- **Information given**:

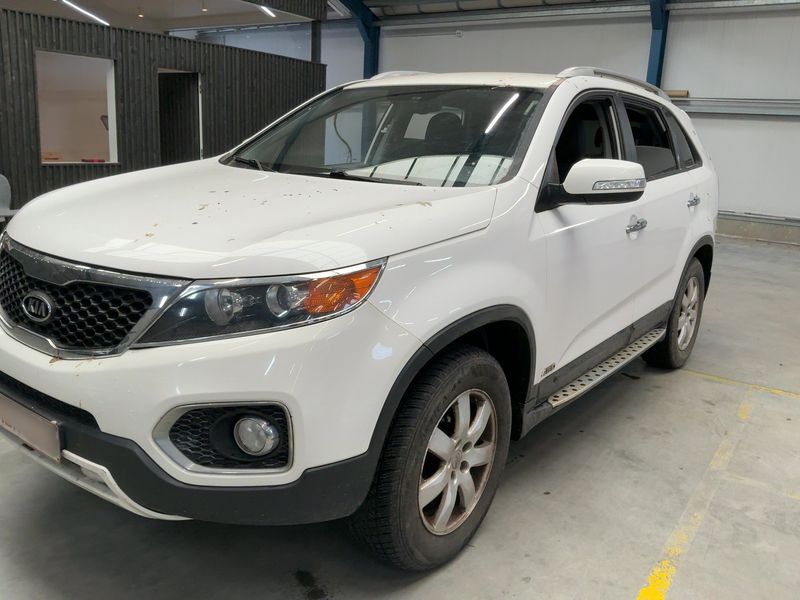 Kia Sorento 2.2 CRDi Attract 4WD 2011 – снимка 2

...

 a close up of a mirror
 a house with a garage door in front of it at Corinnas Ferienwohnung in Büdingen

- **What you will do**: All that should be written out is the stretch of lines above between the one holding "a close up of a mirror" and the one holding "a house with", inclusive, exactly as given.

- **Worked solution**:
 a close up of a mirror
 a house with a garage door in front of it at Corinnas Ferienwohnung in Büdingen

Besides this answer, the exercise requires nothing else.